(Beginning of Dataset section)
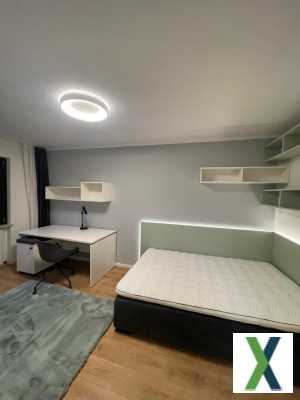 Foto Möblierte 1-Zimmer-Wohnung in der Tucholskystraße 79, Frankfurt am Main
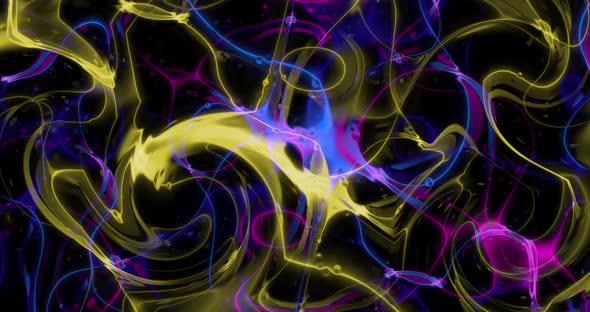 Abstract colorful lines background alt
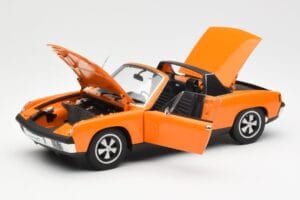 Porsche 914/6 Targa Orange AUTOart 1:18 77932 Metall – Bild 2 von 8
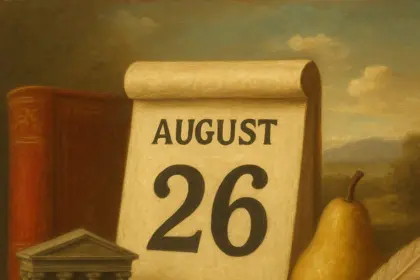 Efemérides del 26 de agosto: Historia y hechos destacados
(End of Dataset section)
> **Work to be completed**: Transcribe the full listing above exactly as it stands, minus the pictures.

> **Answer section**:
 Foto Möblierte 1-Zimmer-Wohnung in der Tucholskystraße 79, Frankfurt am Main
 Abstract colorful lines background alt
 Porsche 914/6 Targa Orange AUTOart 1:18 77932 Metall – Bild 2 von 8
 Efemérides del 26 de agosto: Historia y hechos destacados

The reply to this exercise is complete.